The next morning we continued on our journey southwards into the national park past volcanoes, mountains, multicoloured lakes (red, blue, green) and flocks and flocks of bright pink flamingoes. The landscape was amazing it was very barren with only small tufts of vegetation in places, we followed dusty (bumpy) roads that seemed to stretch on forever stopping occasionally to look at the view. That night was our coldest, we stopped at 4200m in the refuge- i felt poorly and couldn't share the warming rum that the french were offering, but more importantly i kicked ass at the dice game again (come on).
Our final day started early, 5am- it was freezing, actually freezing- too cold for the car it seems, as just after we set off the jeep totally gave up.
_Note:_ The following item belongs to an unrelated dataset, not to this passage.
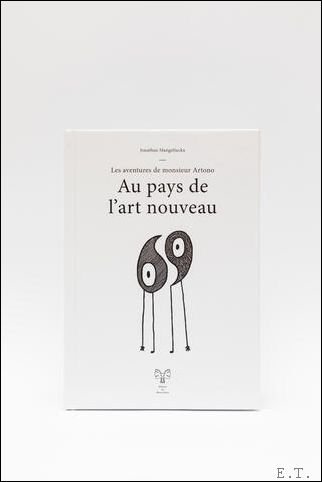 aventures de monsieur Artono - Au pays de l?art nouveau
The driver explained that the radiator had frozen and we would just have to wait for it to melt before setting off and then went back to look under the bonnet (in that way men do when cars break down) after a few moments he came back and searched through the glove compartment- removing a screw driver, an old rag and a lighter (curiouser and curiouser). He then set light to the rag after dipping it in petrol and stuck it in amongst the engine in order to melt the radiator faster, good lateral thinking i would have agreed withhim if it wasn't for the fact that wewere all still locked inthe car!! It worked however and obviously we didn't explode and quite soon we were on our way again, not before however, the sun had risen behind us.
We stopped for breakfast at a natural hot spring at the edge of a lake, we all had a dip and a good look at the geigsers before the long long trip back to Uyuni (only 2 further breakdowns) and some proper food and wine french style.

2 Comments:

Anonymous Anonymous said...

Awwwww, fame at last for katie Koala !!

1:32 PM  
Blogger Declan Coyle said...

I can't believe that I actually thought(for about 2 seconds) somebody brought a massive teddy on the salt plains trip. You look like you are still having a ball.. So jealous.